Abstract

This article examines the economic effects of the Second World War on African peasant producers in Kenya, and places the war years within the context of the colony's economic difficulties during the Depression. In the mid-1930s the Kenya government sought to encourage African production, particularly among the Kikuyu and Abaluhya, in order to bolster the fiscal base of the colonial state and to subsidize the survival of the settler farming community. Promotion of African agrarian production brought conflict with the settler farming sector, and generated a serious crisis in the political economy of Kenya. These antagonisms became sharper during the war, when, after the Japanese advance in S.E. Asia, the Allied war effort demanded greater production from Kenya's settler farmers. Assisted by high guaranteed prices, both settler and African production was able to expand during the war. Previous studies of the impact of the war in Kenya have underplayed the extent to which African producers were able to capitalise upon this economic boom.
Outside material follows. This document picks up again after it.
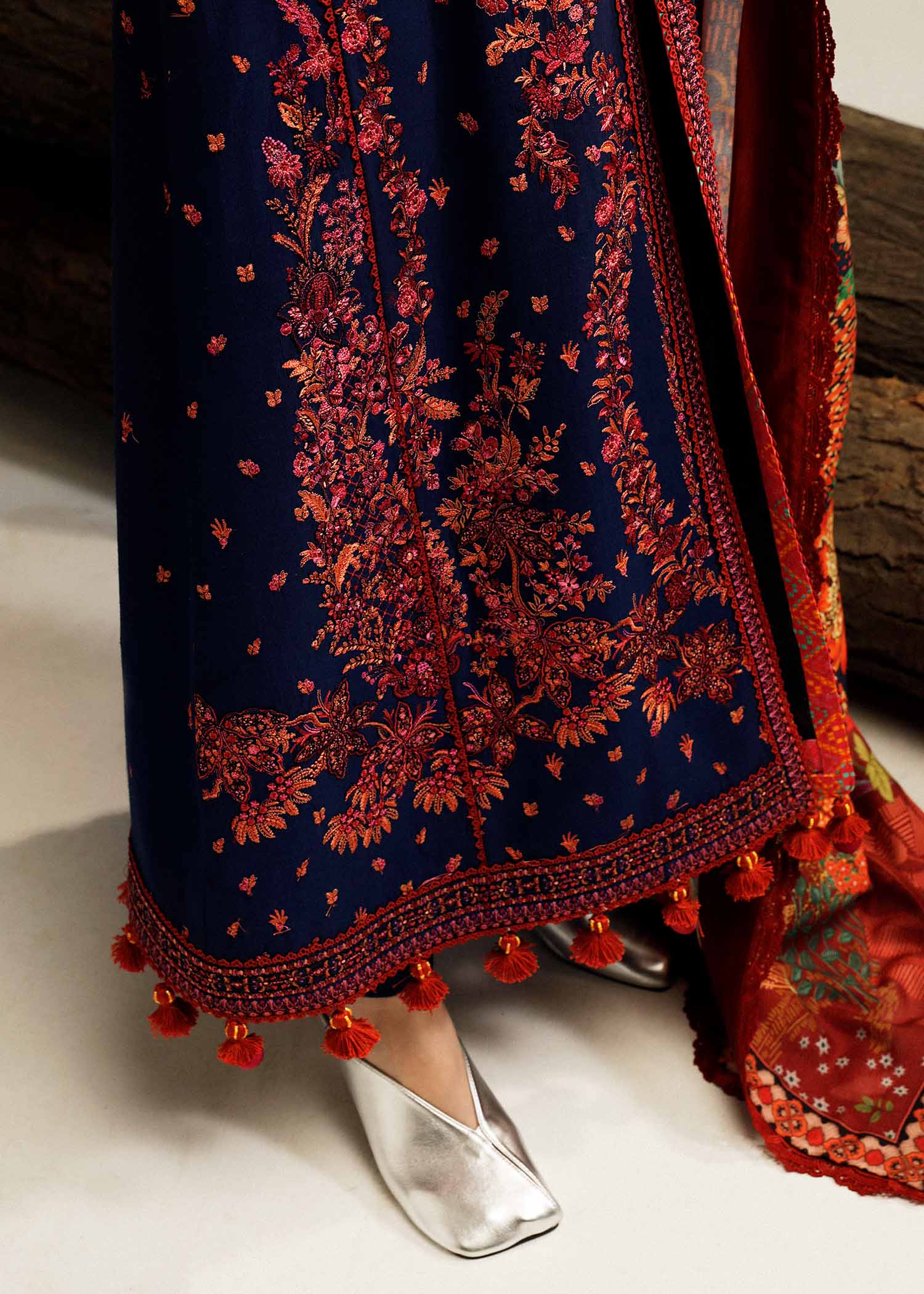 Hussain Rehar | Winter Shawl Khaddar 23 | Cerulean - Pakistani Clothes for women, in United Kingdom and United States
Easily able to by-pass official marketing channels, African peasants produced for the black market. By doing so during the mid-war drought and maize crisis of 1942–3, African producers were able to obtain very favourable prices. Emerging peasant households among the Kikuyu and Abaluhya were therefore economically strengthened by the circumstances of the war, as was the settler farming sector. Europeans and Africans in Kenya were set on a collision course, which was to culminate some seven years after the war in the Mau Mau rebellion.